I am using the new MapReduce Api on our Yarn cluster. I need to read files of two different formats from two different directories. To do so, I decided to use MultipleInputs to specify the two mapper classes. Following is my Job Driver
Job job = new Job(new Configuration(), "Daily Report");
job.setJarByClass(MyDailyJob.class);
MultipleInputs.addInputPath(job, new Path(args[0]), TextInputFormat.class, Record1ParsingMapper.class);
MultipleInputs.addInputPath(job, new Path(args[1]), TextInputFormat.class, Record2ParsingMapper.class);
FileOutputFormat.setOutputPath(job, new Path(args[2]));
job.setReducerClass(ReportParsingReducer.class);
job.setNumReduceTasks(10);
job.setOutputKeyClass(Text.class);
job.setOutputValueClass(NullWritable.class);
return (job.waitForCompletion(true) ? 0 : 1);
And My Mappers have the following definition: public class Record1ParsingMapper extends Mapper
When I run this job, I get the following exception:
Exception in thread "main" java.lang.NoClassDefFoundError: org/json/simple/parser/ParseException
at java.lang.Class.forName0(Native Method)

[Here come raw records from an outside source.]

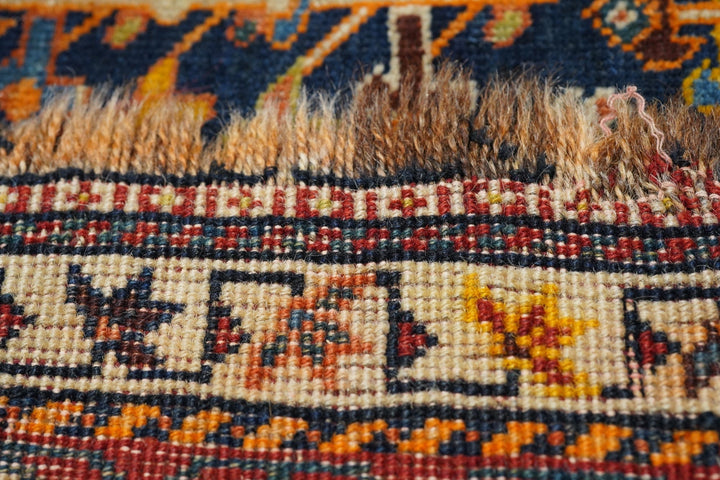 Antique Qashqai Rug 3'8'' x 4'10''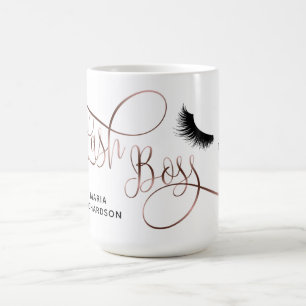 Mug Or rose de mèches de yeux de sourcil de maquillage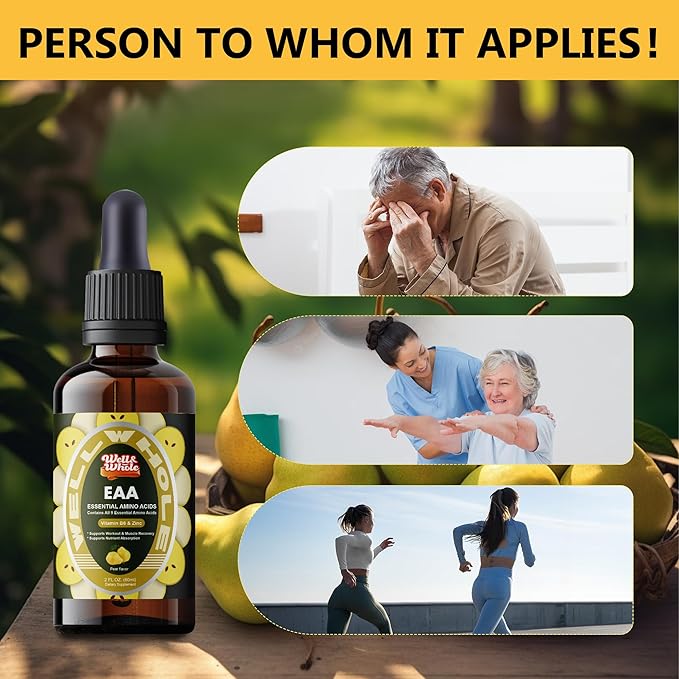 Well&ampWhole L-Lysine Gummies 1000mg and Essential Amino Acid (EAA) Liquid Drops &amp Liver Support Liquid Supplement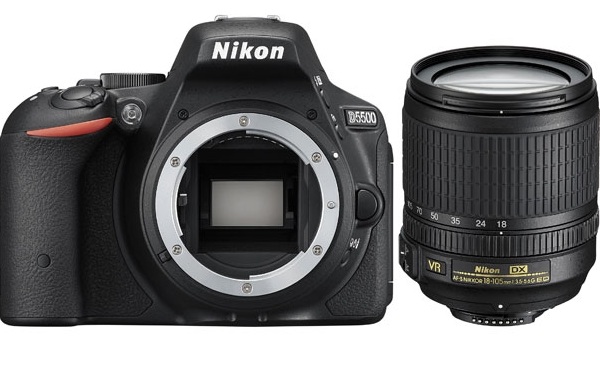 Фотоаппарат Nikon D5500 Kit (D5500 Body Black + 18-105 VR Black) купить в интернет-магазине icover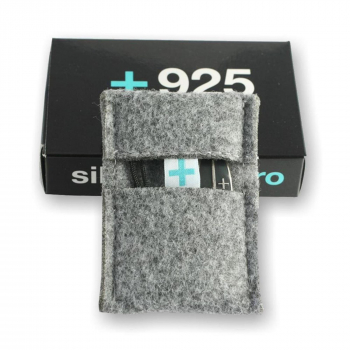 Silver+Surf Silber Schmuck Ski Gr L Cross Circle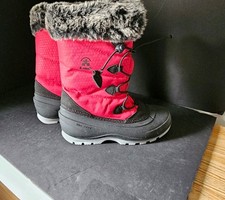 Kamik Women's Size 9 Momentum Winter Snow Boots Insulated Waterproof Red - Used picture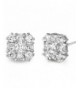 GULICX Eye catching Zirconia rhinestone earrings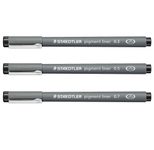STAEDTLER Pigment Liner 308 Fineliner 0.5 mm Schwarz
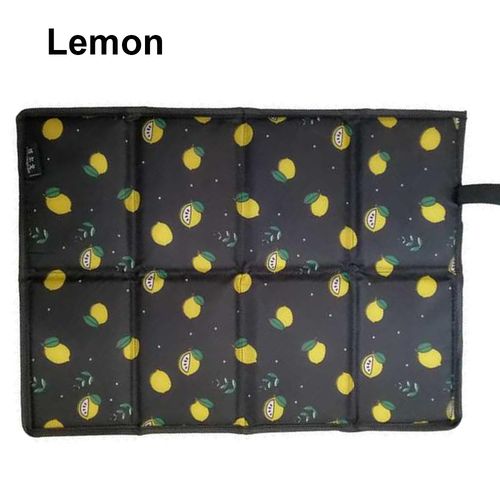 Portable Folding Waterproof Camping Mat - Lightweight Outdoor Seat Pad - Lemon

at java.lang.Class.forName(Class.java:270)
at org.apache.hadoop.conf.Configuration.getClassByNameOrNull(Configuration.java:1986)
at org.apache.hadoop.conf.Configuration.getClassByName(Configuration.java:1951)
at org.apache.hadoop.mapreduce.lib.input.MultipleInputs.getMapperTypeMap(MultipleInputs.java:141)
at org.apache.hadoop.mapreduce.lib.input.DelegatingInputFormat.getSplits(DelegatingInputFormat.java:60)
at org.apache.hadoop.mapreduce.JobSubmitter.writeNewSplits(JobSubmitter.java:498)
at org.apache.hadoop.mapreduce.JobSubmitter.writeSplits(JobSubmitter.java:515)
at org.apache.hadoop.mapreduce.JobSubmitter.submitJobInternal(JobSubmitter.java:399)
at org.apache.hadoop.mapreduce.Job$10.run(Job.java:1295)
at org.apache.hadoop.mapreduce.Job$10.run(Job.java:1292)
at java.security.AccessController.doPrivileged(Native Method)
at javax.security.auth.Subject.doAs(Subject.java:415)
at org.apache.hadoop.security.UserGroupInformation.doAs(UserGroupInformation.java:1614)
at org.apache.hadoop.mapreduce.Job.submit(Job.java:1292)
at org.apache.hadoop.mapreduce.Job.waitForCompletion(Job.java:1313)
at main.java.com.adnear.mr.jobs.MyDailyJob.run(MyDailyJob.java:70)
at org.apache.hadoop.util.ToolRunner.run(ToolRunner.java:70)
at org.apache.hadoop.util.ToolRunner.run(ToolRunner.java:84)
at main.java.com.adnear.mr.jobs.MyDailyJob.main(MyDailyJob.java:226)
at sun.reflect.NativeMethodAccessorImpl.invoke0(Native Method)
at sun.reflect.NativeMethodAccessorImpl.invoke(NativeMethodAccessorImpl.java:57)
at sun.reflect.DelegatingMethodAccessorImpl.invoke(DelegatingMethodAccessorImpl.java:43)
at java.lang.reflect.Method.invoke(Method.java:606)
at org.apache.hadoop.util.RunJar.main(RunJar.java:212)
Caused by: java.lang.ClassNotFoundException: org.json.simple.parser.ParseException\
It looks like it is failing inside the getClassByName() method in the Configuration class at the following statement. clazz = Class.forName(name, true, classLoader);
I am specifying the path of my Mapper classes correctly. Can someone please explain me what is causing this class loading exception?
Thanks, Dev
Record1ParsingMapperis an inner class? - Aleksei Shestakov